Post date: Nov 11, 2016 9:26:23 PM
This article published on “Al Huffpost,” the Huffington Post’s French-language Moroccan outlet, is a Moroccan sociologist’s deconstruction of the issue of the “burkini” (the modest swimsuit for Muslim women that has been in and out of international news since 2009 after it was controversially banned in France). Dialmy opens with his own criticism of the burkini on the grounds that “it implicitly accuses the woman of being the source of debauchery and public disorder. The burkini reduces her to being nothing but a body to cover.” The author manages to look past his own thoughts to analyze the copious opinions that have kept the burkini in the news and in politics, but although professing to take a feminist stance, the article does not give much of a voice to women’s perspectives and reactions on this issue. Some French city governments condemned the garment as representative of Islam’s enslavement of women, but it is important to remember that most if not all women wearing the burkini have made that choice to do so themselves. Whether intended as a religious statement or not, the recent popularity of the burkini is one manifestation of a ‘pious modern’ as described by Lara Deeb in An Enchanted Modern.
In the 1960s and 70s, mixed-gender beaches and typical swimsuits were not a problem at all in Morocco. At that time, Dialmy writes, “the challenge was to modernize Islam and to show that Islam is compatible with modernity.” But today the burkini is showing Islam’s compatibility with modernity in a different way, again reflecting some of Deeb’s anecdotes of Shi’a women defining their own pious modern, reflecting in practice their understanding of an ‘authenticated’ Islam.

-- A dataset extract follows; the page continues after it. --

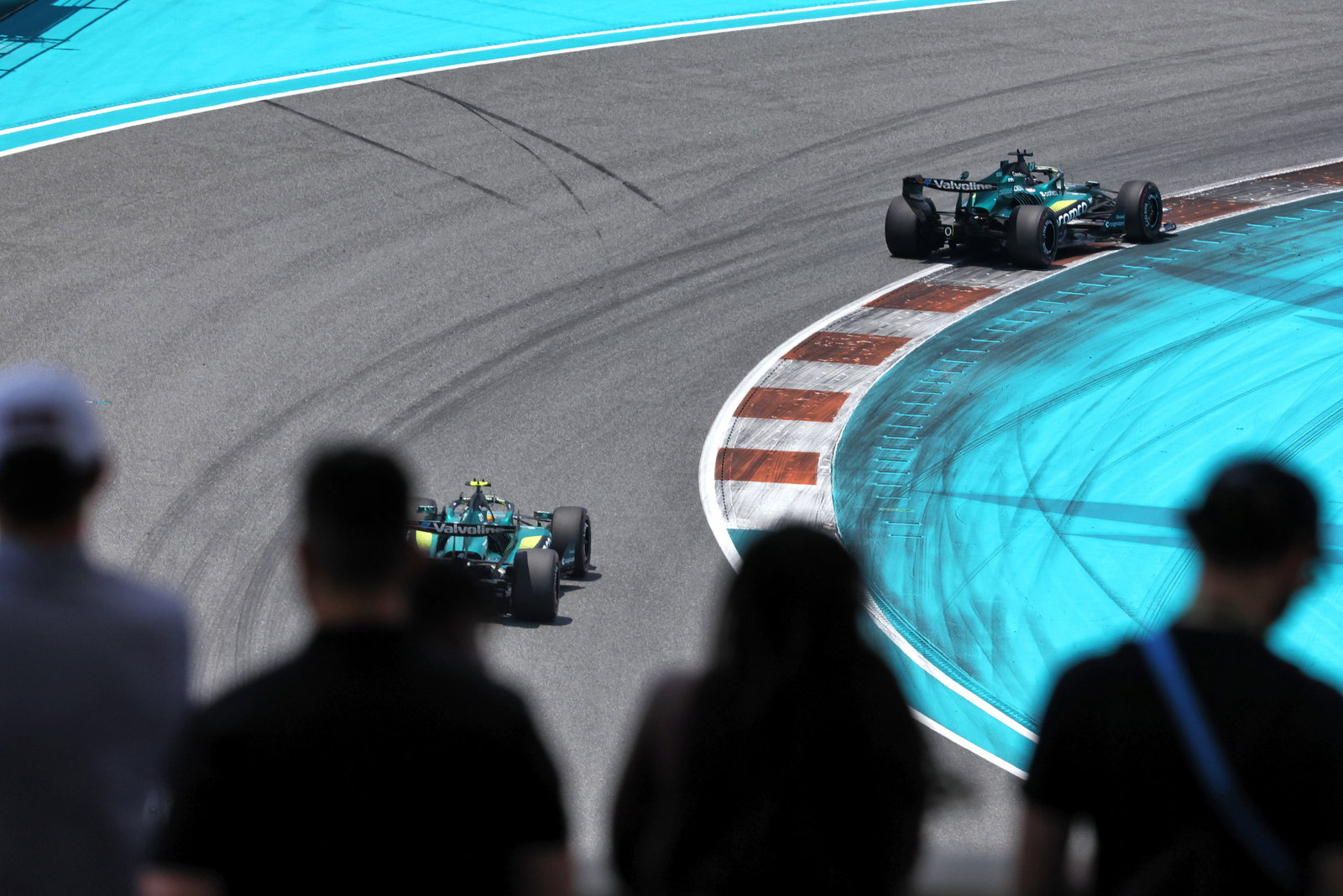 Fans watch Fernando Alonso and Lance Stroll on track during the Miami Grand Prix.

Dialmy challenges the assumption that Western culture is always the one associated with liberty by citing the fact that the Moroccan government has not placed restrictions on women’s beachwear, “[defending] liberty of dress on public beaches by protecting women in swimsuits without preventing the ‘pro-bikini’ from wearing the burkini…France must do the reverse by protecting the civil and civic rights of those women who wish to wear a burkini” (However, this argument is compromised by the fact that in 2014 the burkini was actually banned at a handful of Marrakech resort hotels catering to tourists). Unfortunately, in concluding that “those who wear [the burkini] embody, independently of their intentions, a moderate, middle-ground Islam that lies between radical Islam and radical modernity,” the article does not break out of the trope of dichotomizing Islam and the West, but also draws a crucial comparison between Islamic and Western restrictions of liberty in the ‘modern’ world.